A executiva frisou que a companhia não deixou de atender a nenhum compromisso assumido nos últimos meses.
“Não existe falta de diesel, mesmo no mercado exterior. Se for necessário, vamos importar”, afirmou.
Chambriard reforçou que a atividade de importação não traz prejuízo à estatal.
“Não há qualquer prejuízo arcado pela Petrobras em qualquer ação para evitar a volatilidade de preço ao consumidor brasileiro”, disse.
Autossuficiência no novo plano de negócios
A Petrobras avalia incluir projetos no próximo Plano de Negócios que vão permitir ao Brasil refinar todo o diesel e a gasolina que consome até 2030, indicaram os diretores.
“Com a guerra, os resultados da companhia e a confiança que o mercado brasileiro tem na Petrobras, estamos avaliando a oportunidade de no nosso próximo Plano de Negócios atingir a autossuficiência”, disse a CEO.

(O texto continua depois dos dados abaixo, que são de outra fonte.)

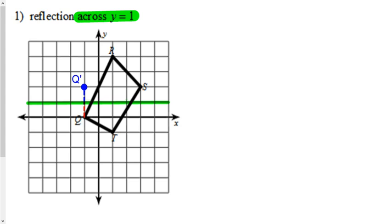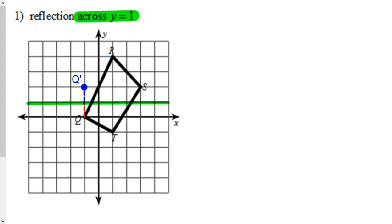Basically, we see that Q is one below it, so we need to go one above it, and there's your Q prime. And when I say it, I'm talking about the line of reflection. Move on to your other three points or however other points that you have there.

“Muito provavelmente seremos capazes de entregar um parque de refino capaz de oferecer 100% da demanda de diesel”, acrescentou.
O próximo plano de negócios da estatal vai contemplar o período de 2027 a 2031 e deve ser divulgado em novembro.
Entre os projetos que devem contribuir para isso estão as ampliações das refinarias existentes, como a Refinaria Duque de Caxias e o segundo trem da Refinaria Abreu e Lima (Rnest), previsto para entrar em operação em 2028, assim como o projeto do Complexo de Energias Boaventura (ex-Comperj), indicou o diretor executivo de Processos Industriais e Produtos e de Transição Energética e Sustentabilidade, William França.
O executivo também destacou que a estatal segue ampliando o fator de utilização (FUT) das refinarias existentes. Em abril, o FUT foi de 102,5%.
“É o melhor resultado da história da companhia”, disse França.
Investimentos no México e na Venezuela
A Petrobras também avalia a entrada em ativos na Venezuela e no México, indicou Chambriard
Esta semana, uma delegação da companhia vai ao México para avaliar oportunidades de negócios, a partir de um diálogo aberto após um encontro da CEO da Petrobras com a presidente mexicana, Claudia Sheinbaum.
Há interesse em parcerias com a estatal mexicana Pemex para aproveitar oportunidades de exploração e produção no Golfo do México, assim como no refino.
“O Golfo mexicano tem campos maduros, não tem apenas oportunidades de exploração, mas também de parceria em operação de campos maduros. Essa também é uma análise que vamos fazer junto com a Pemex”, afirmou.
Chambriard citou ainda possíveis sinergias entre a produção de gás na região e a atuação da Braskem no país, dado que a Petrobras tem 46% de participação na petroquímica.
“Temos todo o interesse de atuar na Braskem de forma muito mais assertiva, de forma a colher toda e qualquer sinergia do nosso parque fabril com a dinâmica petroquímica”, disse.
“Isso seria a cereja do bolo. Mas o que nós temos, por enquanto, são boas intenções no México, que ainda não se traduziram em uma realidade”, acrescentou.
Em relação à Venezuela, Chambriard lembrou que o país passou por mudanças recentes na regulação de modo a atrair investidores estrangeiros.
Por enquanto, as avaliações ainda são sobre as condições para os investimentos no país
“Em 2023 a gente estudou a Venezuela, nós temos um juízo de valor dentro da Petrobars sobre os ativos venezuelanos, então o próximo passo é entender a legislação que se apresentaram recentemente de que modo a gente pode atuar de forma que seja boa para o Brasil e para a Venezuela”, disse Chambriard.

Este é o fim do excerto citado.